Aim of the task: Look through the data below for the line with "Чем то похож", and transcribe it exactly together with each line after it up to and including the line with "3 ��. ��������, 72/42/8". Give nothing else.

Source information:
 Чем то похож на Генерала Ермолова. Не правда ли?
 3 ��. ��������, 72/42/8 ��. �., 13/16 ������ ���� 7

---

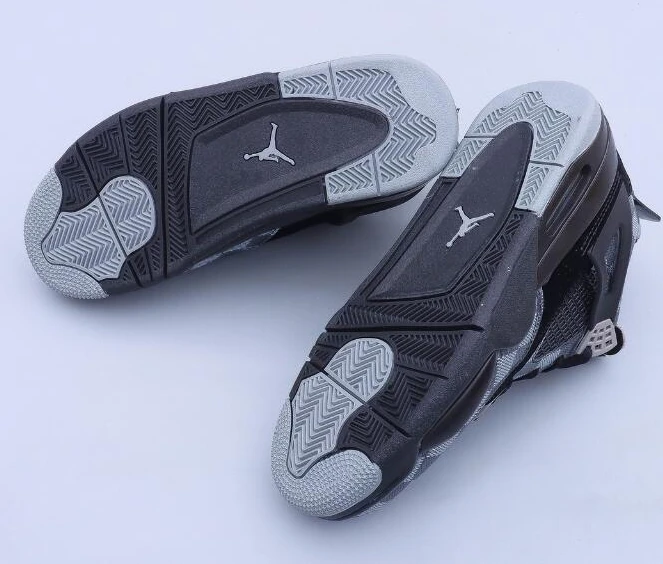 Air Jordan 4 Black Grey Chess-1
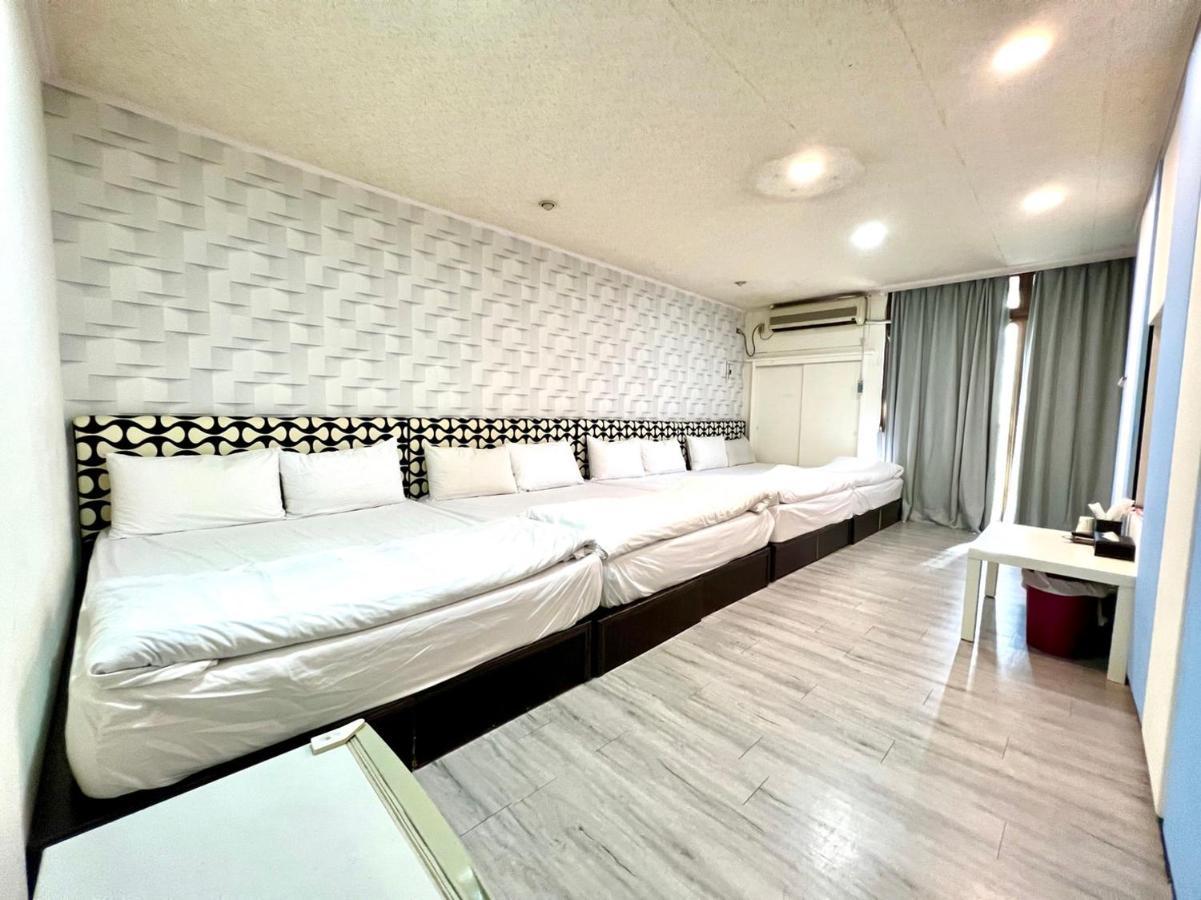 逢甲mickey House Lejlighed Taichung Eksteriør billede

Response:
 Чем то похож на Генерала Ермолова. Не правда ли?
 3 ��. ��������, 72/42/8 ��. �., 13/16 ������ ���� 7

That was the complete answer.